The 12 petitioners in the case are former cricketers Michael Tissera, Sidath Wettimuny, Muttiah Muralitharan, Justice (Retd.) Saleem Marsoof PC, Dinal Phillips PC, Kushil Prasanna Gunasekera, Dr. Palitha Kohona, Rienzie Wijetilleke, Vijaya Malalasekera, Ananda Gamini Gardiya Punchihewa, Somasundaram Skandakumar and Thilan Wijesinghe. The respondents include Sports Minister Namal Rajapaksa, Sri Lanka Cricket (SLC) President Shammi Silva and 17 other office bearers of the cricket board.
“The root cause of the decline of Sri Lankan cricket is its poor governance driven through the flawed constitution of SLC (Sri Lanka Cricket),” the petitioners opines. “The said constitution has installed a board which is not independent from its playing clubs.
“It is severely conflicted between club and country. This system encourages the office bearers to take decisions mostly to satisfy its voter base, causing the playing standards of Sri Lankan cricket to deteriorate.”
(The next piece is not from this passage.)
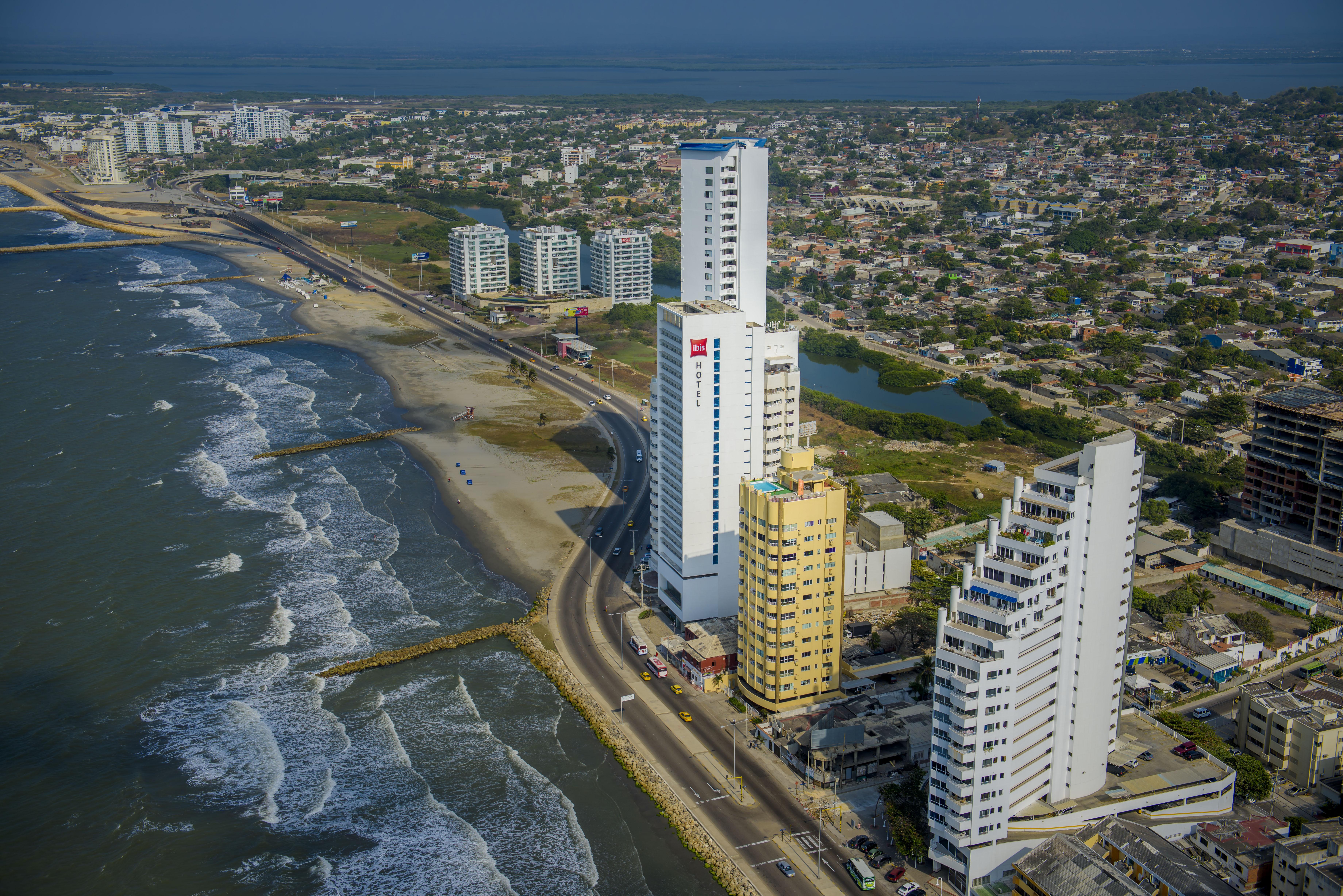 Ibis Cartagena Marbella Hotel ภายนอก รูปภาพ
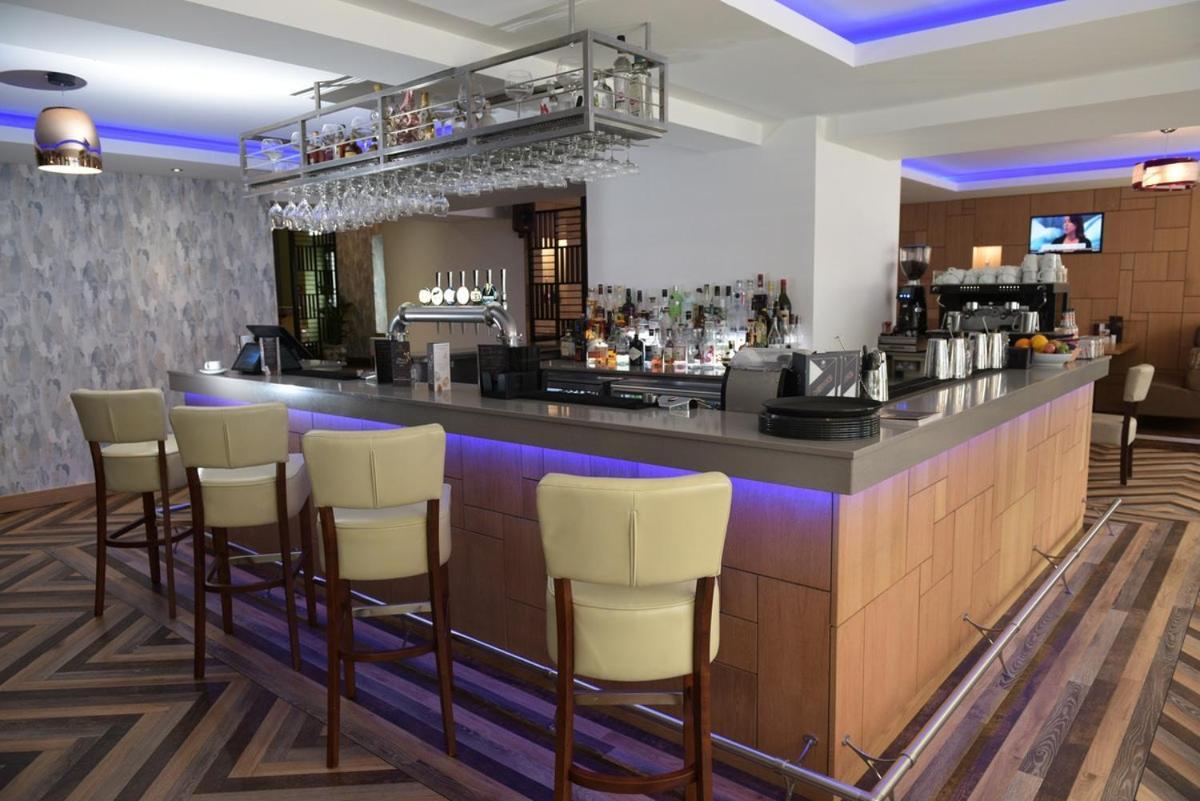 The City Hotel 던펌린 외부 사진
“International cricket is a small pond and cricket gains nothing to see one of its most storied full members, Sri Lanka, wither into oblivion,” the petitioners said, while asking the International Cricket Council to provide time, space, expertise and guidance for the creation of a new governance system.
The petitioners state that having such a large number of votes has resulted in candidates for SLC elections being compelled to keep their vote base happy by way of widespread ‘buying’ of votes from these substandard cricketing clubs, who unfortunately do not have the best interests of SLC in mind when casting their votes. They charge that, in order to obtain votes, the incumbent administrators provide voters with various hand-outs and incentives, including foreign tours and funding in the guise of cricket development with no rational justification at times.
Sri Lanka, with a population of 22 million, has 24 first-class cricket clubs with 147 votes electing the administrators while India, with more than a billion people, has a voter base of only 38.
The petition also draws attention to several acts of financial and administrative mismanagement of SLC highlighted in a Special Audit Report conducted by the National Audit Office in 2018 which points to a lack of transparency in SLC governance. The matter is being currently investigated by the Parliamentary Watchdog Committee on Public Enterprises (CoPE). Among those glaring irregularities highlighted in the Audit and reproduced in the petition is SLC’s decision to establish a cricket university in Kandy, irregularities with regard to the collection of income through the sale of international broadcast and sponsorships rights, the appointment and sacking of head coach Chandika Hathurusingha, irregularities in local radio broadcast rights and the establishment of Cricket Aid, SLC’s charity arm.
Since 2016, Sri Lanka has lost 119 out of 200 international games.